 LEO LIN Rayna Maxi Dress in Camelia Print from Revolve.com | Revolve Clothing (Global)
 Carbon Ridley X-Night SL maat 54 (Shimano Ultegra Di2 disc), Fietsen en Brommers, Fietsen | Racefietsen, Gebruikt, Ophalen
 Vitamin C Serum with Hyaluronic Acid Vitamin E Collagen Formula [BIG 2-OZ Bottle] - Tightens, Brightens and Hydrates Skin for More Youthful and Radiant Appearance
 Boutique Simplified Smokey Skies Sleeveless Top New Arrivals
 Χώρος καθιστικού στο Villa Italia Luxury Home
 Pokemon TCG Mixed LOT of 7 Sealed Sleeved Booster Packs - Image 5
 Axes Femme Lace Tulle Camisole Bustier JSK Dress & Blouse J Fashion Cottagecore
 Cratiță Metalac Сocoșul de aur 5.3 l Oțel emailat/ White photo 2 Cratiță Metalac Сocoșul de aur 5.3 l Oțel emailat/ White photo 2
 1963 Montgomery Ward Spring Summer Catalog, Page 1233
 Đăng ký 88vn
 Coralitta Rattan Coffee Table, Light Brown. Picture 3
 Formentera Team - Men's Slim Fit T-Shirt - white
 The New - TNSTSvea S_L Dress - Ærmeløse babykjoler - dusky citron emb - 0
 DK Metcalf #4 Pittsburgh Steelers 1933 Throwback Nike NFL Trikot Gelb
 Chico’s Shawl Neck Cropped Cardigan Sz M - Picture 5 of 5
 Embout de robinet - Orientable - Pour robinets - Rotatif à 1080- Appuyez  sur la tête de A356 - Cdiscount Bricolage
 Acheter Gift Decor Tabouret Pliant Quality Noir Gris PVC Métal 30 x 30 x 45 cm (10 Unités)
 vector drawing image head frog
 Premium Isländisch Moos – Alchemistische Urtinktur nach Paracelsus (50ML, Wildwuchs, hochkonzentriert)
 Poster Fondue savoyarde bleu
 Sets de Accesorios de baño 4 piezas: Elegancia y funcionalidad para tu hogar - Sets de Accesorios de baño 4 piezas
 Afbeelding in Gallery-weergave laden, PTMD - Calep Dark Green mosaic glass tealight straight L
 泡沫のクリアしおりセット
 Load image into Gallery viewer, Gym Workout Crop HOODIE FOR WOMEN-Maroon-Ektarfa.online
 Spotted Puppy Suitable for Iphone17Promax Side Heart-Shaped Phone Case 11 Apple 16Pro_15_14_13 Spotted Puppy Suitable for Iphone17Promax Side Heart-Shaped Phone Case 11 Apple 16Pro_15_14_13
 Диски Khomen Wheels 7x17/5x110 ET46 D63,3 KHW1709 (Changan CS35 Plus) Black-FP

What is expected
Set down only these lines, exactly: the one containing "泡沫のクリアしおりセット" and each line after it through the end of the entries above.

Response
 泡沫のクリアしおりセット
 Load image into Gallery viewer, Gym Workout Crop HOODIE FOR WOMEN-Maroon-Ektarfa.online
 Spotted Puppy Suitable for Iphone17Promax Side Heart-Shaped Phone Case 11 Apple 16Pro_15_14_13 Spotted Puppy Suitable for Iphone17Promax Side Heart-Shaped Phone Case 11 Apple 16Pro_15_14_13
 Диски Khomen Wheels 7x17/5x110 ET46 D63,3 KHW1709 (Changan CS35 Plus) Black-FP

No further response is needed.